Deep Wheel Orcadia
- Author: Harry Josephine Giles
- Language: Scots, English
- Genre: Science fiction, verse novel
- Published: 2021
- Publisher: Picador Poetry
- Publication place: United Kingdom
- Media type: Print
- ISBN: 978-1-5290-6660-9

= Deep Wheel Orcadia =

Science-fiction novel by Harry Josephine Giles

Deep Wheel Orcadia is a science-fiction novel by Harry Josephine Giles. It is a verse novel written in the Orcadian dialect of the Scots language in parallel with an English translation. The book won the 2022 Arthur C. Clarke Award. It was published by Picador Poetry in 2021.

==Plot==
The story is a romance set on a space station orbiting a gas giant.

==Style==
The book is written in Orcadian verse, with an English translation provided in smaller text. Translations for Orcadian words provide several possible English translations in a compound word. The English translations were formatted to draw attention to the Orcadian, a technique also used by Gaelic poet Rody Gorman.

==Awards==
The book was longlisted for the Highland Book Prize longlist, but was withdrawn by Giles over the lack of minority representation.
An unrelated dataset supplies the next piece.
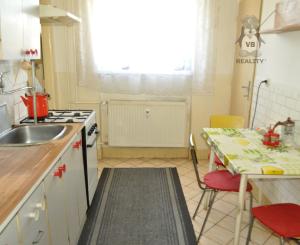 Byt 3+1 s balkónom a garážou v meste Spišské Vlachy, okres Sp. Nová Ves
Deep Wheel Orcadia was the only work withdrawn.

In 2022, Deep Wheel Orcadia won the Arthur C. Clarke Award, where it was praised for its writing and its use of language.

==Reception==
The Guardian called the book "a book of astonishments". The Orkney News made favourable comparisons between elements of the story and life on Orkney, such as bad internet speeds, but felt the ending was unsatisfying and the cast list excessive.

The Scotsman said the book "lacked direction" and criticised the use of Orcadian.

The chair of the judges for the Arthur C. Clarke Award described the book as "the sort of book that makes you rethink what science fiction can do and makes the reading experience feel strange in a new and thrilling way. It's as if language itself becomes the book's hero and the genre is all the richer for it."